Unix systems with disk quotas (Section 15.11) won't let you change the owner (Section 50.14) of a file; only the superuser can use chown. Here's a workaround for those systems.
-d Section 8.5, -f Section 14.10
The file's current owner should make sure that the new owner has write permission on the directory where the file is and read permission on the file itself:
jerry% ls -dl . afile drwxr-xr-x 2 jerry 512 Aug 10 12:20 . -rw-r--r-- 1 jerry 1934 Aug 10 09:34 afile jerry% chmod go+w .

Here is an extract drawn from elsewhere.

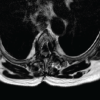 Hybrid Posterior Fixation Incorporating Cervical Facet Fixation for the Treatment of Proximal Junctional Failure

The new owner (logged in as herself) should rename the file, make a copy, and delete the original file. If the new owner is there at the same time, su (Section 49.9) is probably the fastest way to change accounts:
jerry% su laura Password: laura% mv afile afile.tmp laura% cp -p afile.tmp afile laura% ls -l afile -rw-r--r-- 1 laura 1934 Aug 10 09:34 afile laura% rm -f afile.tmp laura% exit jerry% chmod go-w .
The cp -p (Section 10.12) command preserves the file's original permissions and last modification time. After the new owner (laura) is done copying, the old owner (jerry) takes away the directory's write permission again. Now laura can edit afile, change its modes, and so on: she owns it.